また1月7日、CES開幕1日めには、メディアのみが入場可能なイベント「Show Stoppers」にも出展。こちらは、全約4500の出展企業のなかから、選りすぐりの約120社だけが出られるプレミアムなイベントだ。
ヒューレット・パッカード、オムロン、アディダスといった有名企業から、まだ正式ローンチ前のベンチャーまでが並ぶなか、一見テックからはかけ離れている土と野菜のモックに興味を惹かれ、PLANTIOのブースに足を止める人は多かった。


メディア向けイベントと本会場を含めた計4日間の展示を経て、サービスのコンセプトを強く気に入った投資家や、興味を持ったメディア関係者も多く、まずまずの収穫だったといえる。
食料自給率に関心の高いヨーロッパ各国出身の人々からは概ね反応がよく、広大な土地を有するアメリカ人でも、「ニューヨークでは流行るだろう」「冬の間にインドアで使ってみたい」といった声も。

さらにアメリカ、韓国、中国のバイヤーから「海外で販売する際には、ぜひ声をかけてほしい」という誘いがあったほか、「仕事には関係ないが、個人的に体験してみたい」との声も多く、企業向けイベントながら、見込みユーザーの意見も聞くことができた。

海外におけるデバイス・サービスのローンチがまだ先(2021年初頭を予定)であるため、早々に取り上げてくれる海外メディアはなかったものの、計10カ国・約60社のメディア関係者とのやりとりを経て、手応えを感じたというPLANTIO代表の芹澤孝悦さん。
「ひとりで野菜を育てるのではなく、みんなで一緒に育てる。
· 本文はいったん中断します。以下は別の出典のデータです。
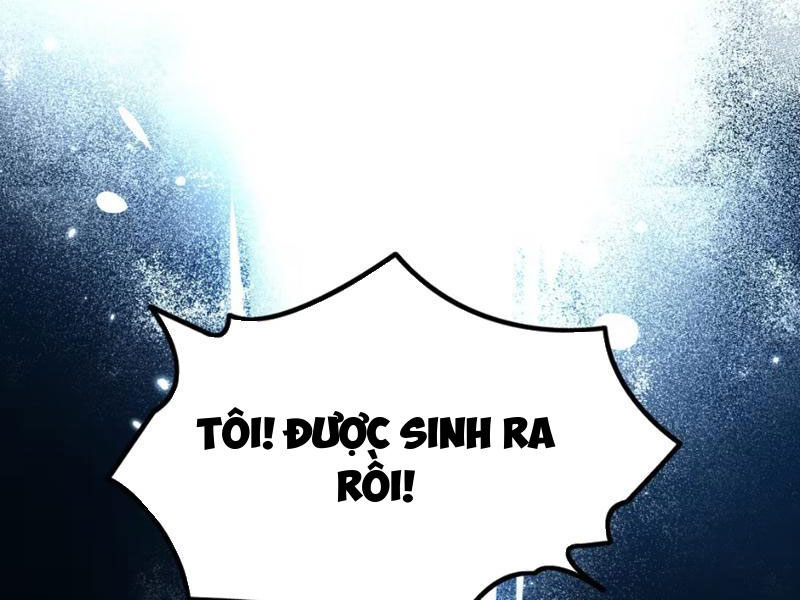 Pháp Sư Ký Sinh Chapter 1 - Trang 2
“食を分かち合う喜び”は、人類共通の楽しみのはず。その世界観が、さまざまな国の人たちから『いいね!』と言われたことで、目指す方向性は間違っていないと確信しました。
また、大手商社の方々からの反応もよく、中には何度もブースに足を運んでいただいた例もあったんです。常にグローバルな商流を見ている方に刺さったことで、世界的にスケールできる可能性を秘めているんだと改めて実感しましたね」
約17万人が集まる世界最大のテックイベント出展によって、サービスの目指す方向性についての確信を深めたのだった。